C’est une male peste & monstre dangereux.
Nul ne la sçauroit voir, fust-ce des bien-heureux,
Qu’il n’en soit espuré, que d’horreur il ne tremble.
Elle a deux fois six pieds ; elle conjoint ensemble
Six cols à longs tuyaux, & six testes sur eux,
Testes d’estrange mine & visages hideux.
Un triple rang de dents ses bouches gabionne,
Et d’engloutir quelqu’un sans cesse elle espionne.
Virgile au 3. de l’Æneide descrit autrement la forme d’icelle :
Mais dans profonds cachots une fosse renclot
La ravissante Scylle hors ses gueules tirante,
Et contre les rochers les vaisseaux attirante.
Par haut elle ressemble en forme un corps humain.
Et jusques au nombril une vierge au beau sein.

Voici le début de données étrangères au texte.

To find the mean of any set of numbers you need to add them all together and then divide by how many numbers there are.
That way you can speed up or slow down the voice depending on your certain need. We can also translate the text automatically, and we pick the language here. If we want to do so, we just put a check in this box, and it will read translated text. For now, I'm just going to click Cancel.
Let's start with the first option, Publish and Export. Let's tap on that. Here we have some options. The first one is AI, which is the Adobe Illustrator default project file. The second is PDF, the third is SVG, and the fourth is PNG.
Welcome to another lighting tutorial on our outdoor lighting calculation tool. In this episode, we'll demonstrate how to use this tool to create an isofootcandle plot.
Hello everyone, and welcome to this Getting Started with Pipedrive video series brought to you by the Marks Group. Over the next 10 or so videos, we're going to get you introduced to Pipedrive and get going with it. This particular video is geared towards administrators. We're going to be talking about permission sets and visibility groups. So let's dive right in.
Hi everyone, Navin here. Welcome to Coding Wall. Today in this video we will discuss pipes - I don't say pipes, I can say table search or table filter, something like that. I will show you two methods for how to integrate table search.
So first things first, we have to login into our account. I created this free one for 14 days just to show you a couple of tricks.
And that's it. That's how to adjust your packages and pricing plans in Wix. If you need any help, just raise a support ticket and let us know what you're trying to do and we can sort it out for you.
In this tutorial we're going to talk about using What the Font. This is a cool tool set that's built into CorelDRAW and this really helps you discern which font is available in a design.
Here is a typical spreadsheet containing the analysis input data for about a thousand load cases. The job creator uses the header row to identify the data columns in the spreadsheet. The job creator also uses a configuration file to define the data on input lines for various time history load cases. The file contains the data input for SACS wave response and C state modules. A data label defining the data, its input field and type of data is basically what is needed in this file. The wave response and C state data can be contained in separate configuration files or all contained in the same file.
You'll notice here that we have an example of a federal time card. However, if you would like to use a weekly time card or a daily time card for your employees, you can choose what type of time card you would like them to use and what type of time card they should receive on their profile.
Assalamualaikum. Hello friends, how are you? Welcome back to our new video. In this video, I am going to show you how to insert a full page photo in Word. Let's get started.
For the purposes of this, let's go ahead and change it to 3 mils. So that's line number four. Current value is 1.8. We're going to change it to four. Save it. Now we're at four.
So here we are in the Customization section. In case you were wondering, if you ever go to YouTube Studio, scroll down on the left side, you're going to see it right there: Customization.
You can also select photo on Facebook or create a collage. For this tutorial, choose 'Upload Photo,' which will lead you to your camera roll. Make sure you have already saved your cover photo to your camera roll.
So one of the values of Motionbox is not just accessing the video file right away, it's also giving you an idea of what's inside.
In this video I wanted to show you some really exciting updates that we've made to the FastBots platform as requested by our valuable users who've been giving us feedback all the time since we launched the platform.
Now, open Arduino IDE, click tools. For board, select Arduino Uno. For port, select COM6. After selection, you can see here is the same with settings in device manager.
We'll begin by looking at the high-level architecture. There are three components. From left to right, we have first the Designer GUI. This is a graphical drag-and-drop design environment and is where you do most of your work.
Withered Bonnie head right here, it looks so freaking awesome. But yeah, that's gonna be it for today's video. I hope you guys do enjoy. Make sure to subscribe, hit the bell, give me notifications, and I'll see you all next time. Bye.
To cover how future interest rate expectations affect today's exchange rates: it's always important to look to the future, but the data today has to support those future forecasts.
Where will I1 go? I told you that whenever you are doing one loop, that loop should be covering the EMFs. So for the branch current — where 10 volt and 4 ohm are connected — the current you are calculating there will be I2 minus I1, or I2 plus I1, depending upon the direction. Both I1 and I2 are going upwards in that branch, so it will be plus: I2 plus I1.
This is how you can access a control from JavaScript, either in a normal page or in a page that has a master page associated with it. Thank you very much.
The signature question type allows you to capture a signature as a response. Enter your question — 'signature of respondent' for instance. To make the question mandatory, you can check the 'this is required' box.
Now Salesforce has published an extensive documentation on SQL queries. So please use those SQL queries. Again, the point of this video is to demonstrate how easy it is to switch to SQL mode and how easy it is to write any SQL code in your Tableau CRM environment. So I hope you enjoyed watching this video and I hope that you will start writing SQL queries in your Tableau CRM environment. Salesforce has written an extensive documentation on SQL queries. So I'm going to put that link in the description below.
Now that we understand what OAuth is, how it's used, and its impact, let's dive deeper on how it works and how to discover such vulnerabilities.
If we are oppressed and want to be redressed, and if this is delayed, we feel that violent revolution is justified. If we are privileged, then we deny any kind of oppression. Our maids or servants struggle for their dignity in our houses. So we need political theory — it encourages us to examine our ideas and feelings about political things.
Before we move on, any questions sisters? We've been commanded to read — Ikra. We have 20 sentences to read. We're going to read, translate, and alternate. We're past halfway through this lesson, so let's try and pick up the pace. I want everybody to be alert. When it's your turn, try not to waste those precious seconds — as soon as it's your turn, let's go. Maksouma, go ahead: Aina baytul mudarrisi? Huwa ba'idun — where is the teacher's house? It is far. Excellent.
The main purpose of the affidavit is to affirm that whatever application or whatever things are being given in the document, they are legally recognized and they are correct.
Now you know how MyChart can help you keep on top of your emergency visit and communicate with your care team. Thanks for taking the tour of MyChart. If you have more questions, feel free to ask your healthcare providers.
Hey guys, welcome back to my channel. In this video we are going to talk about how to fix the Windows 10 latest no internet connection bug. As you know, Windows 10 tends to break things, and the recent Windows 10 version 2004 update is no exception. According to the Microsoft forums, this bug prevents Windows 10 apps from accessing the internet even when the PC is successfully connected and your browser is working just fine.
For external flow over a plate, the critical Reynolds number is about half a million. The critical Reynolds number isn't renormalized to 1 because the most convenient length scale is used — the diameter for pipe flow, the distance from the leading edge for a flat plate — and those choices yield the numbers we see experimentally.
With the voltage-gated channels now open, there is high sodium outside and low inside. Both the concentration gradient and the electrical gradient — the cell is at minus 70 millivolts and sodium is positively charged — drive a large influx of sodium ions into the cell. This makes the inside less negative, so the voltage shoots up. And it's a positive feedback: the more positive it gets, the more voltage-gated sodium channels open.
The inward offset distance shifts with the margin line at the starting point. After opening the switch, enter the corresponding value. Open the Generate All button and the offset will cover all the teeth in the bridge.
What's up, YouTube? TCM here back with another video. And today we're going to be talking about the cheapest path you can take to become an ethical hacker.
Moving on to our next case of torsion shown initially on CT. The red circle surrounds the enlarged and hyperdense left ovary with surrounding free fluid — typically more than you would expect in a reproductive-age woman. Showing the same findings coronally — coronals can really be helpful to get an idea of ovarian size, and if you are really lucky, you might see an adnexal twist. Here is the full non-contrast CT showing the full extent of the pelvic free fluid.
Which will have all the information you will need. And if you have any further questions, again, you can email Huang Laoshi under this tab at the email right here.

Par bas elle a le corps d’une balaine enorme,
Et au ventre de loups elle attache difforme
Des queuës de Daulphins.—
On dit davantage, qu’elle avoit des yeux flamboyans, & des cols si longs qu’elle pouvoit attirer à elle les vaisseaux mesme bien esloignez d’elle : aussi tous ceux qui en approchoient, faisoient naufrage ; & les chiens qu’elle avoit autour de ses parties honteuses devoroient les personnes, selon le tesmoignage de Virgile au Silene :
A quoy reciteray-ie ou la Scylle de Nise,
Ou bien celle qu’on bruit des monstres aboyans
Ceinte en l’eine escumeuse, és gouffres ondoyans,
Fiere avoir tourmenté les naufs Dulychiennes,
Et, las ! faict deschirer aux Rages gueules-chiennes
Les timides nauchers ?
Charybdis fut aussi une gloute & ravissante femme, laquelle ayant desrobé à Hercule quelques bestes à corne lors quil touchoit les aumailles de Gerion, fut foudroyee par Jupiter, & transformee en un goufre marin, (on l’appelle aujourd’huy Galofaro) scitué en un destroit de la coste de Scylle, à l’opposite de Scylle, de tres-dangereux accez, s’eslançant d’un abysme creux en l’air, & devorant tout ce qu’il rencontre, puis à certaines saisons le desgorgeant. Toutesfois les autres soustiennent que Hercule l’occit, & que Jupiter la transforma comme dessus.
[…] Les Poëtes disent que Scylle avoit des chiens à ses costez & eines qui devoroient les passans, d’autant que ces monstres sortant d’un lieu bas, à sçauoir de la concavité des rochers où ils estoient mussez, & s’eslançans en haut, sembloient issir comme hors de la poitrine de Scylle.